Combinatorial methods for small-molecule placement in computational enzyme design

Abstract

The incorporation of small-molecule transition state structures into protein design calculations poses special challenges because of the need to represent the added translational, rotational, and conformational freedoms within an already difficult optimization problem. Successful approaches to computational enzyme design have focused on catalytic side-chain contacts to guide placement of small molecules in active sites. We describe a process for modeling small molecules in enzyme design calculations that extends previously described methods, allowing favorable small-molecule positions and conformations to be explored simultaneously with sequence optimization. Because all current computational enzyme design methods rely heavily on sampling of possible active site geometries from discrete conformational states, we tested the effects of discretization parameters on calculation results. Rotational and translational step sizes as well as side-chain library types were varied in a series of computational tests designed to identify native-like binding contacts in three natural systems. We find that conformational parameters, especially the type of rotamer library used, significantly affect the ability of design calculations to recover native binding-site geometries. We describe the construction and use of a crystallographic conformer library and find that it more reliably captures active-site geometries than traditional rotamer libraries in the systems tested.

Fig. 1.

Contact geometries specified in small-molecule pruning step. Ranges of distances, angles, and torsions were allowed that included the crystallographic geometries. Exact geometry definitions are included in Appendix. (A) Chorismate mutase. (B) Biotin in streptavidin. (C) Triosephosphate isomerase Michaelis complex, modeled by using an approach similar to that of ref. . Asterisks indicate pseudoatoms used in geometry definitions.

Fig. 2.

Sample results from test calculations presented in Table 1. Crystallographic side chains and ligands are shown in gray. Results from three trials using different initial random rotational positions are shown in red, teal, and orange. In cases where three colors are not visible, the selected rotamers from two or more calculations were identical. Results are shown from calculations with 5° rotation and the backbone-independent conformer library. (A) Chorismate mutase. An alternate backbone position was chosen for a glutamate-hydroxyl contact in one trial (red side chain, lower left). (B) Biotin in streptavidin.
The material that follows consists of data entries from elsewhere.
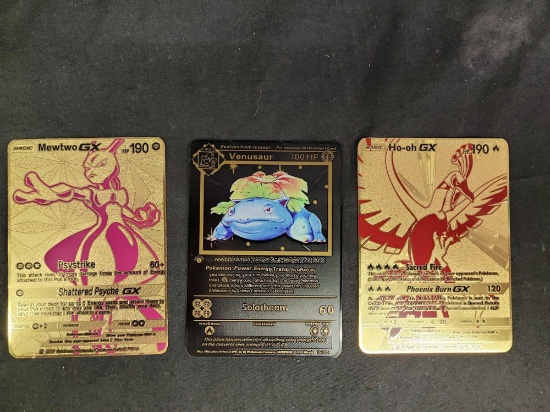 Pokemon cards steal cards 1st edition GX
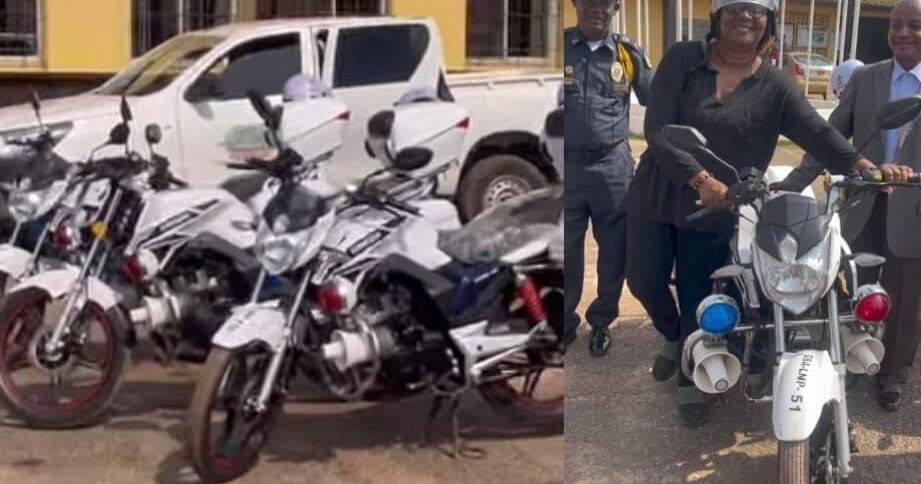 Bong Security Sector Receives Boost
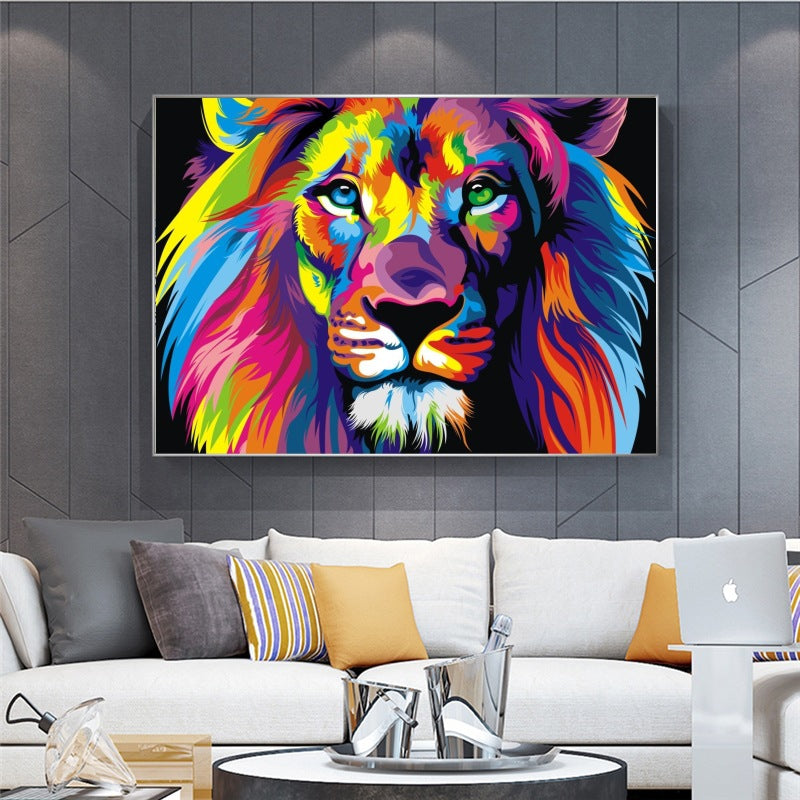 Poster tigre bianca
Note that the biotin pentanoic acid moiety samples different conformations in the calculation and the surrounding side chains were not designed. (C) Triosephosphate isomerase.

Fig. 3.

Effect of rotational and translational step sizes. Each spot represents the average of three trials with initial random starting positions. Missing points indicate that one or more trials could not identify wild-type-like contacts or else that the calculation was prohibitively large; no calculations were performed with the 25° rotational step size. Colors indicate nonhydrogen atom rmsd, as described in Tables 1–3. (A) Chorismate mutase (minimum, 0.53 Å; maximum, 2.61 Å). (B) Streptavidin–biotin (minimum, 0.57 Å; maximum, 2.05 Å). (C) Triosephosphate isomerase (minimum, 0.44 Å; maximum, 5.64 Å).

Fig. 4.

Targeted placement procedure. For a given side-chain rotamer, small-molecule ligands are placed such that they are able to meet specified geometric criteria. This is repeated for every possible conformation of the amino acid at every designed position. Shown is a subset of orientations of a chorismate mutase transition-state structure in contact with one conformation of arginine. This figure was created with PyMOL (40).